According to engineering industry outlet Fierce Electronics, Nvidia is actively persuading the industry to embrace a future where quantum and classical computing converge. At the conference, Huang reiterated his bet that quantum computing will not replace classical computing, but rather integrate into a hybrid quantum supercomputing platform.

NVQLink offers thousands of data transfers per second, designed specifically to meet the speed and bandwidth demands of quantum error correction, while CUDA-Q serves as its core software platform, with support for real-time error correction and orchestrating complex hybrid computations between quantum and AI supercomputers.
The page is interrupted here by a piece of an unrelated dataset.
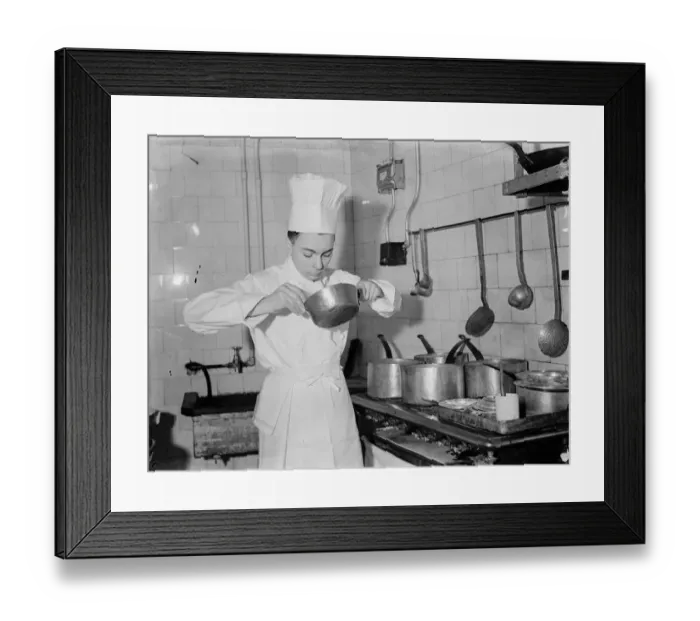 Framed Print : Thomas Hardys nephew refuses literary career to be a chef. Novelist widow leaves him £2000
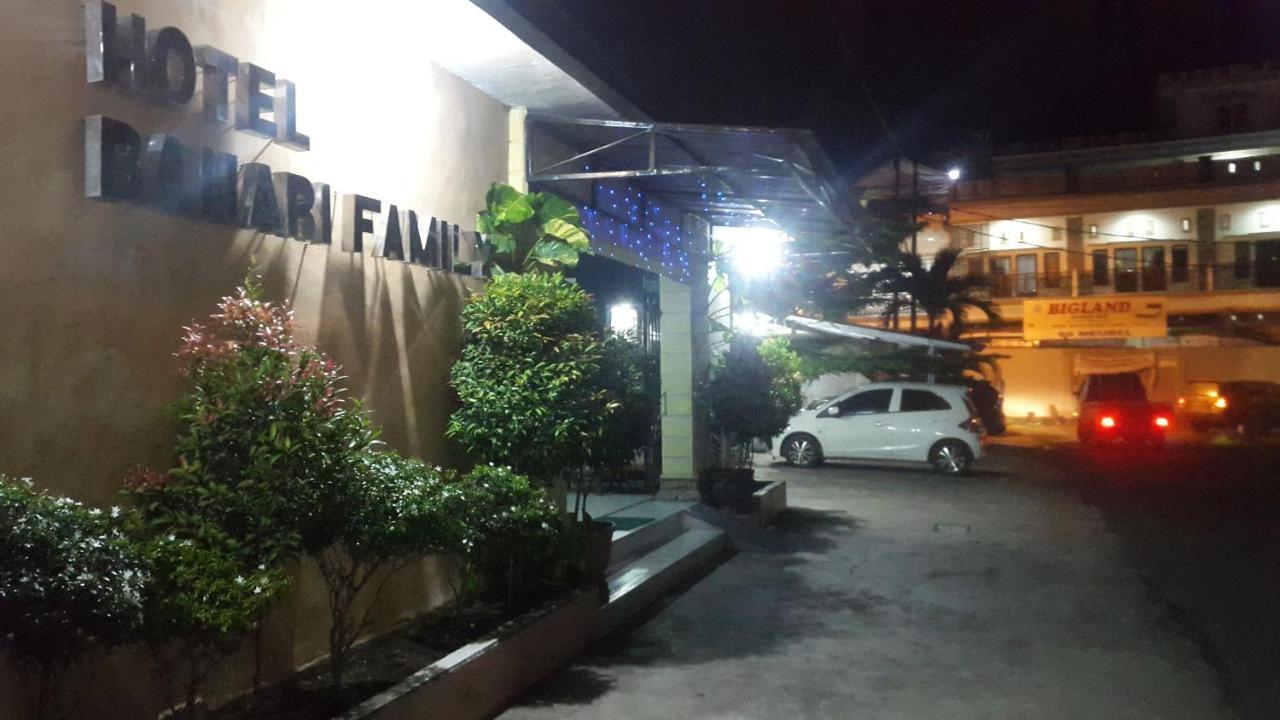 Bahari Family Hotel Bitung Exterior foto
Seventeen quantum computing firms worldwide have already endorsed this architecture to form a robust ecosystem.

In addition to meeting current error correction needs in the hundreds of qubits, Huang stressed that the architecture is fully scalable to systems up to hundreds of thousands of qubits, providing a clear path for transitioning quantum computing from laboratory experiments to practical applications.

Building on Nvidia's existing NVLink GPU clustering technology, NVQLink provides enhanced connections between GPUs and can closely integrate GPUs with quantum processors. Nvidia has already successfully linked supercomputers with QuEra Computing's quantum system in a project in Japan, overcoming obstacles in conventional connectivity, which typically relied on Infiniband, PCI Express, or other interconnect technologies to link GPUs and QPUs.

According to The Wall Street Journal, even though Huang expressed skepticism about quantum practicality earlier this year, he affirmed Nvidia's active push to link quantum processors with GPU supercomputers as critical to future progress. In his GTC speech, Huang described NVQLink as "the Rosetta Stone connecting quantum and classical supercomputers — uniting them into a single, coherent system that marks the onset of the quantum-GPU computing era." By connecting quantum computers directly to GPU supercomputers, both GPUs and QPUs can work side by side to run the correct algorithms for key functions like error correction, AI calibration, and simulation, which will become the future of quantum computing.